Только момент потребовался Чени, чтобы успокоиться.
— Что я могу сделать? — спокойно произнесла она, ей хотелось наброситься на Джессику, тряхнуть ее за плечи, крикнуть: «Где он?» Но она молча ждала ответа.
— Подозреваю, — сказала Джессика, — что Харконненам удалось заслать к нам агента, чтобы отравить Пола. Другого объяснения я не нахожу. Какой-то совершенно необыкновенный яд. Я проверила его кровь всеми мыслимыми способами, но так ничего и не нашла.
Чени встала возле нее на колени.
— Значит, яд? Ему больно? Могу я…
— Он без сознания, — продолжала Джессика, — жизненные процессы в его теле замедлились настолько, что их удалось обнаружить лишь тончайшими методами.

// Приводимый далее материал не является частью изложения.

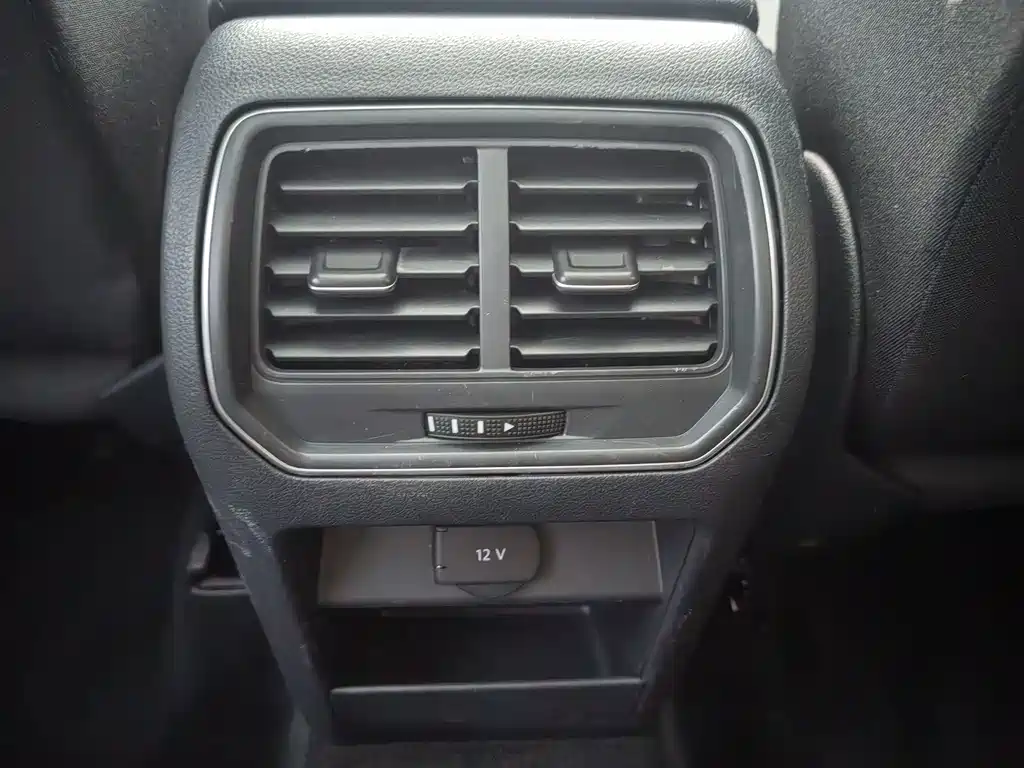 Volkswagen Golf Sportsvan — миниатюра 21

Я просто содрогаюсь от мысли, что могло бы случиться, если бы не я первой обнаружила его. Непосвященному взору он кажется мертвым.
— Ты вызвала меня не просто из сочувствия, Преподобная Мать, — ответила Чени. — Я знаю тебя. Так что же могу сделать я, раз ты бессильна?
«Как она храбра, очаровательна и, ах-х-х, как восприимчива! — подумала Джессика. — Какая Дочь Гессера получилась бы из нее!»
— Чени, — сказала Джессика, — может быть, ты и не поверишь мне, но я не знаю, зачем я послала за тобой. Какой-то инстинкт… интуиция. Просто сама собой пришла мысль: «Надо послать за Чени».
И тут Чени заметила печаль на лице Джессики, боль в ее углубленном взгляде.
— Я сделала все, что умею, — сказала она. — Все… тебе будет трудно даже представить, насколько это «все» больше того, что назвали бы другие этим словом. Но… я ничего не сумела.
— А этот старый друг Холлек? — спросила Чени. — Не его ли рук дело?
— Исключено, — ответила Джессика.
Одно слово вместило целый разговор… Чени угадывала за ним проверки и перепроверки… воспоминания о былых неудачах.
Качнувшись назад, Чени поднялась на ноги, разгладила потрепанное в пустыне облачение:
— Отведи меня к нему, — сказала она. Джессика поднялась, повернулась к занавесям у стены слева.
Чени последовала за ней и оказалась в бывшей кладовой. Теперь стены ее были занавешены тяжелыми тканями.
У дальней стены на походном матрасе лежал Пол. Лицо его освещал подвешенный прямо над головою шар. Черное одеяние покрывало его, руки были вытянуты по бокам. Видимо, его раздели и прикрыли покрывалом. Кожа его казалась восковой. Он был совершенно неподвижен.
Чени подавила желание броситься вперед, повалиться головой на это недвижное тело. Но мысли ее обратились в другую сторону, к своему сыну, к Лето. И тут она поняла, что испытывала Джессика, когда ее герцогу грозила смерть, когда приходилось заставлять себя искать пути спасения юного сына. И сочувствие к стоявшей рядом вдруг стало столь горячим, что Чени стиснула руку Преподобной. Ответное пожатие было даже болезненным.
— Он жив, — ответила Джессика, — уверяю тебя, он жив. Но ниточка, на которой держится его жизнь, столь тонка, что ее едва можно заметить. А среди вождей нашлись и такие, что уже начали бормотать: моими устами-де говорит просто мать, не Преподобная, и я, мол, просто отказываю племени в воде сына.